Les 15è Giornate degli Autori proposent comme à l’accoutumée une petite sélection de films, onze cette année sur le millier qui est arrivé aux organisateurs, mais également de nombreuses manifestations ayant lieu dans le cœur des Journées, l’incontournable Villa degli Autori, comme un hommage au cinéaste allemande Alexander Kluge, Lion d’or en 1968 et Lion d’or d’honneur en 1982, un programme intitulé Women’s Tale, la remise d’un prix à l’une des réalisatrice faisant partie du programme de cette année et de nombreuses discussions autour des films présentés. La sélection de cette année se veut un savant mélange de cinéastes établis (comme Rithy Panh qui fait l’ouverture) avec des réalisateur-trice-s émergents, voire débutants, de formats, ainsi qu’un large spectre de genres, puisque les Journées se clôtureront par une comédie.
Comme de nombreux festivals de cette année 2018, une place de choix est réservée aux femmes, que ce soit devant ou derrière l’écran : six des onze films sélectionnés ont été réalisés par des femmes, et de manière générale les protagonistes féminines jouent un rôle crucial dans les films présentés. Les organisateurs insistent sur un point, qui fait d’ailleurs contre-point définitif à la déclaration totalement ridicule de Thierry Frémaux en 2012 qui, en voulant justifier le fait qu’il n’y ait pas une seule réalisatrice dans la compétition officielle de Cannes, disait:
« Comme citoyen, je suis pleinement d’accord avec l’engagement féministe, comme professionnel, je sélectionne des œuvres pour leurs qualités propres. Nous ne serons jamais d’accord pour sélectionner un film qui ne le mérite pas simplement parce qu’il est réalisé par une femme. Cela mènerait à une politique de quota qui desservirait la cause. »
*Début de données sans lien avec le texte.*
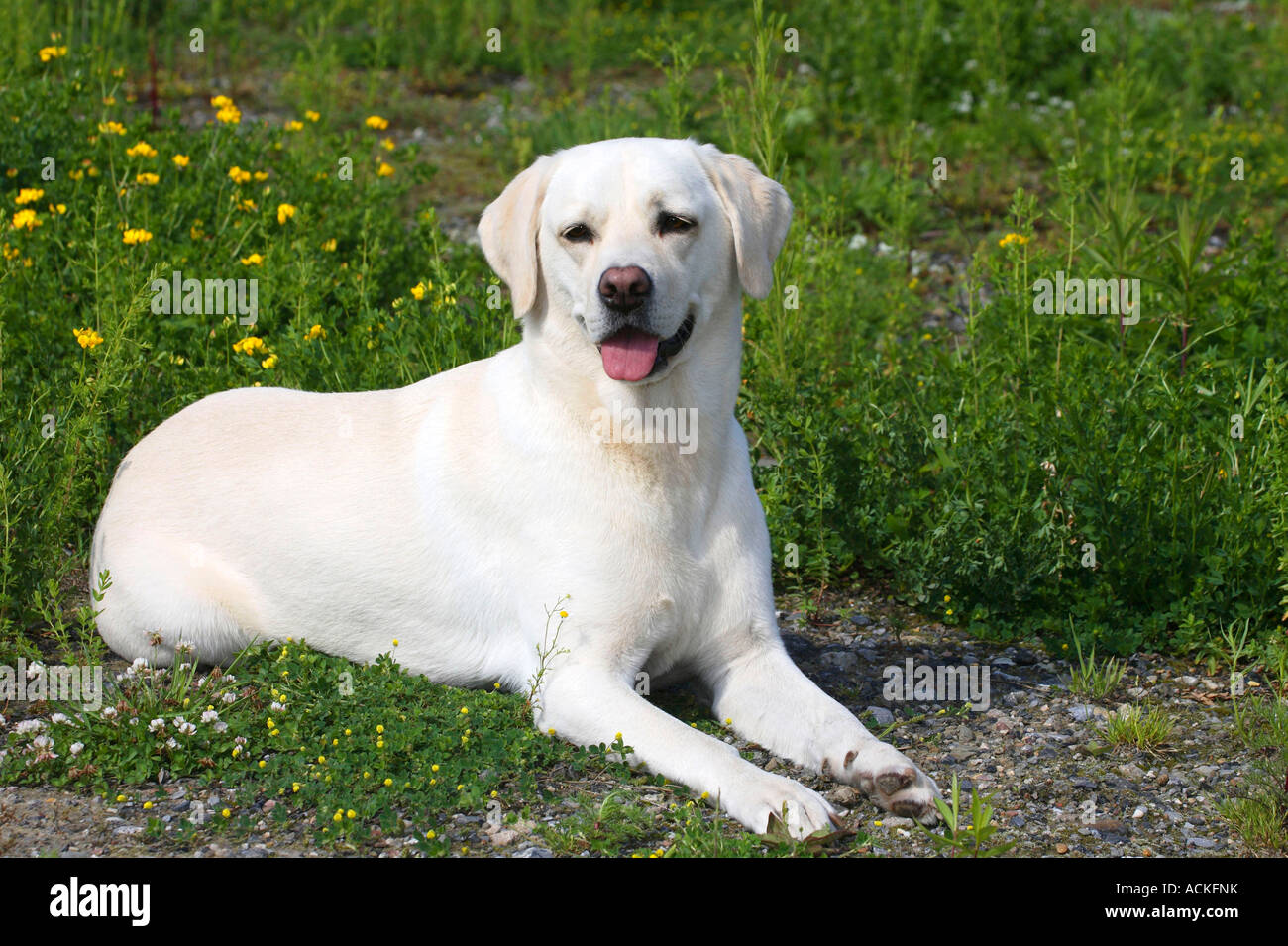 Labrador Retriever Foto de stock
Comme si dans le monde entier, sur toute une année, le délégué général du Festival de Cannes, chargé du choix de la sélection officielle et des films en compétition pour la Palme d’or, et ses collaborateurs n’avaient pas l’occasion de tomber sur un seul film à même d’entrer dans les critères de qualité artistiques de la compétition… même si pour les festivals, les critères artistiques sont loin d’être suffisants pour être sélectionner…
« Ce focus porté sur les femmes est le fruit d’une exploration qui s’est faite sans aucun effort, aucune contrainte puisqu’effectuée sans aucun préjugé. Nous avons sélectionné le meilleur (parmi les films qui nous ont été proposés), et ce meilleur nous l’avons souvent retrouvé dans la caméra des réalisatrices. »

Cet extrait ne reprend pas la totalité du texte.